● WHAT THE EXERCISE ASKS: Please transcribe only the lines from the one holding "Radhus i Alaior, Menorca, Spanien" through the final line of the data, both included, with no pictures.

** MATERIAL FOR THIS EXERCISE follows **

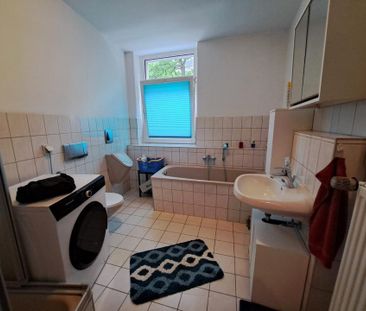 Gepflegte, teilmöblierte Wohnung in 08626 Adorf – ca. 80 m² Wohnflä... - Photo 5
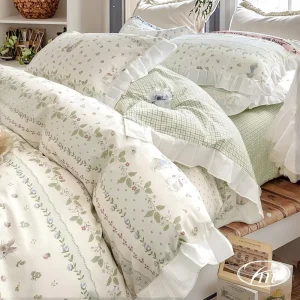 Girls Floral Comforter Set with Cute Rabbit Design Ruffle Trim 3 Piece Queen Size 200TC Polyester (2 Pillow Shams Included)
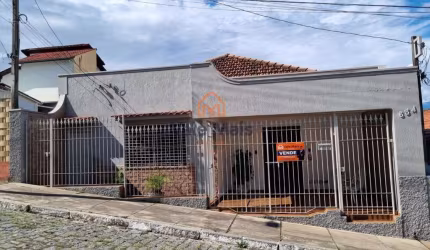 Casa para venda em Centro de 167.00m² com 4 Quartos e 1 Suite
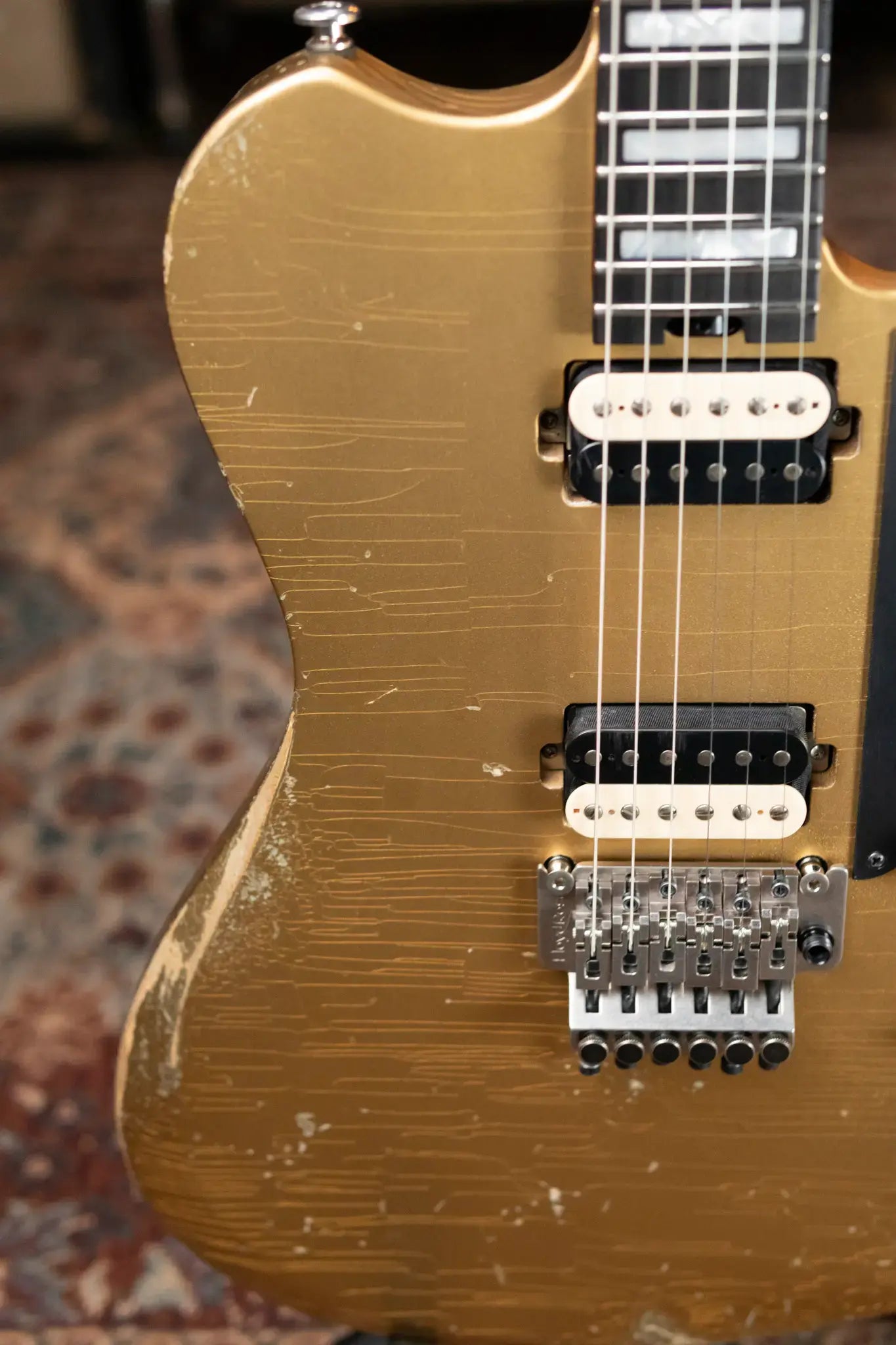 Luxxtone Calavera - Gold with Hardshell Case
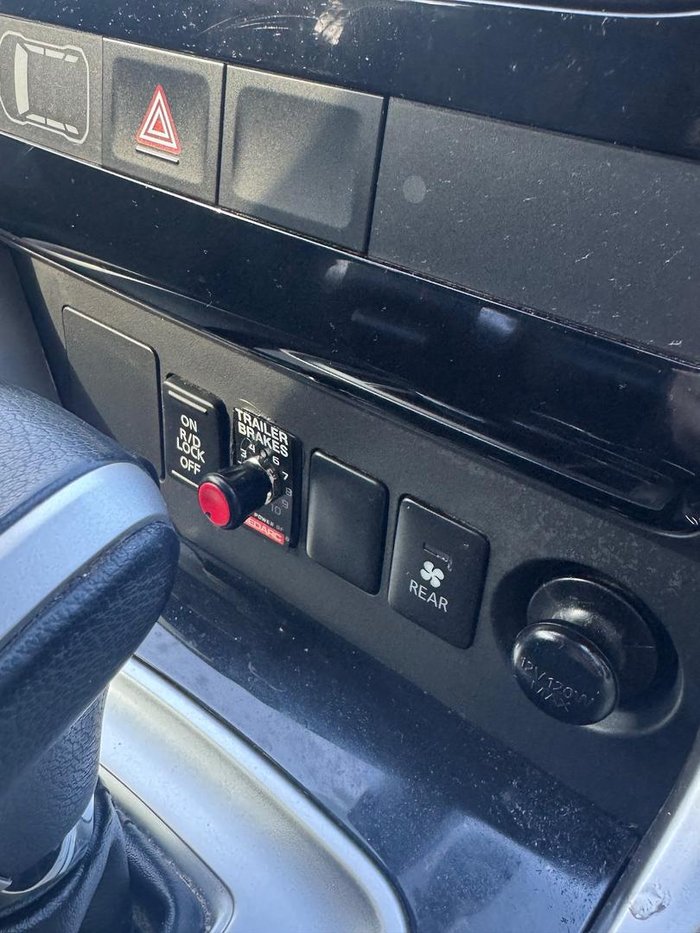 2019 Mitsubishi Pajero Sport Black Edition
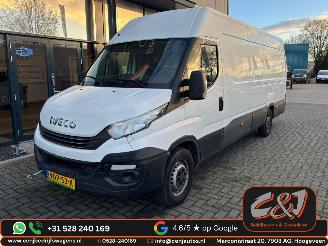 skadebil bedrijf Iveco New daily  2017/3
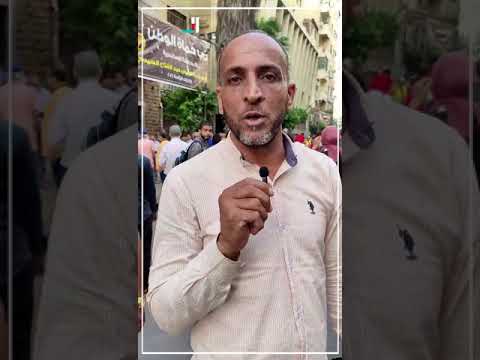 مواطن مصري امنيتي ان نكمل مع الرئيس السيسي الطريق "مينفعش رئيس غيره"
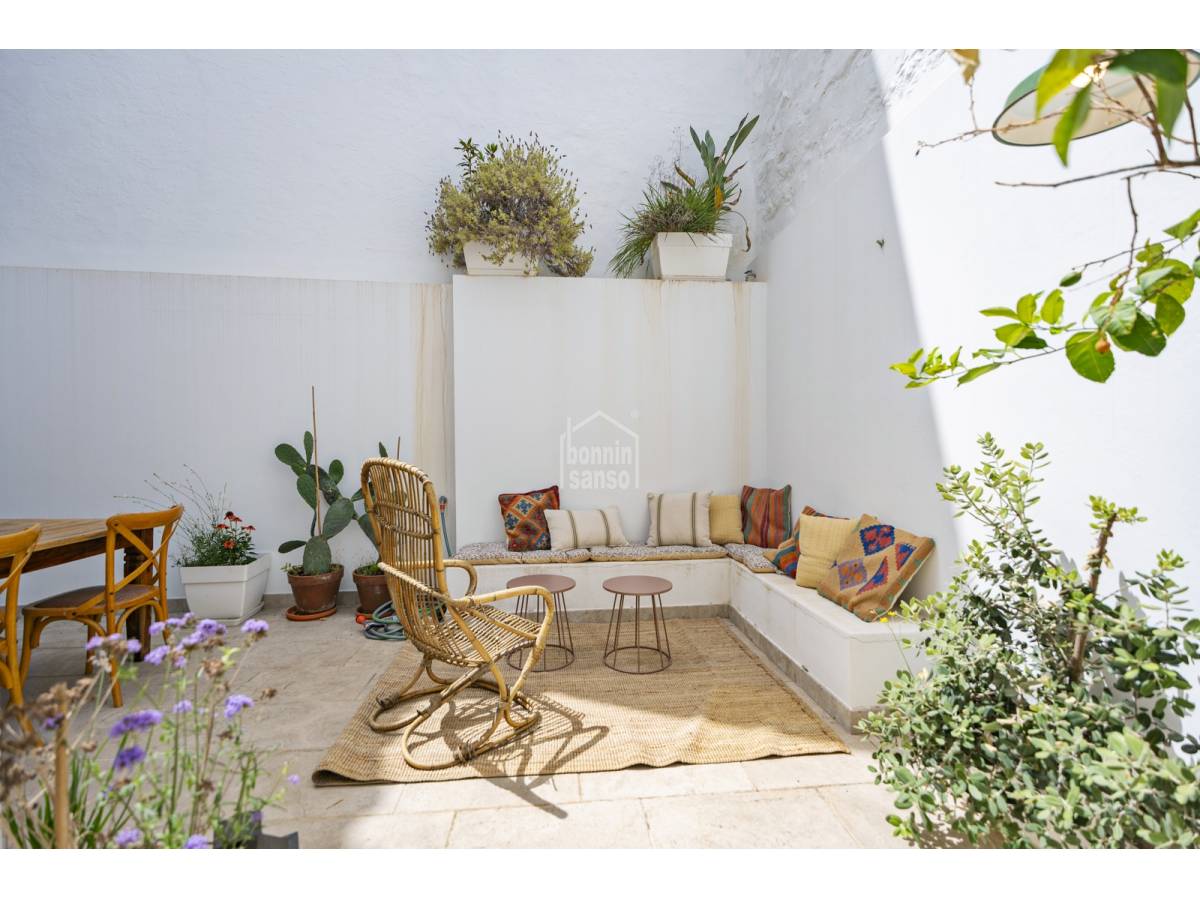 Radhus i Alaior, Menorca, Spanien 4 sovrum, 344 kvm. Nr. 182680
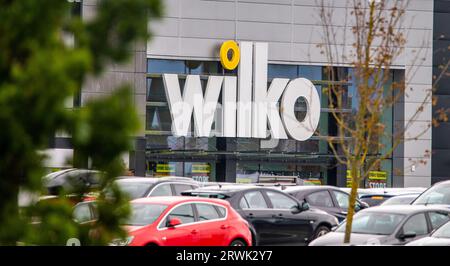 Edinburgh, Großbritannien. September 2023. 19. September 2023 für Kinaird Retail Park, Edinburgh. Blick auf das Äußere von Wilko, Fort Kinaird Retail Park, Edinburgh. Das sich in den letzten Handelstagen befindet und seine Türen später in dieser Woche schließen wird, nach dem Zusammenbruch des historischen High-Street-Geschäfts und der Marke mit gescheiterten Rettungsversuchen für das Unternehmen. Bildnachweis: phil wilkinson/Alamy Live News Stockfoto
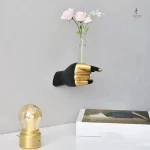 Vase créatif en forme de main décorative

** End of MATERIAL FOR THIS EXERCISE **

● RESPONSE:
 Radhus i Alaior, Menorca, Spanien 4 sovrum, 344 kvm. Nr. 182680
 Edinburgh, Großbritannien. September 2023. 19. September 2023 für Kinaird Retail Park, Edinburgh. Blick auf das Äußere von Wilko, Fort Kinaird Retail Park, Edinburgh. Das sich in den letzten Handelstagen befindet und seine Türen später in dieser Woche schließen wird, nach dem Zusammenbruch des historischen High-Street-Geschäfts und der Marke mit gescheiterten Rettungsversuchen für das Unternehmen. Bildnachweis: phil wilkinson/Alamy Live News Stockfoto
 Vase créatif en forme de main décorative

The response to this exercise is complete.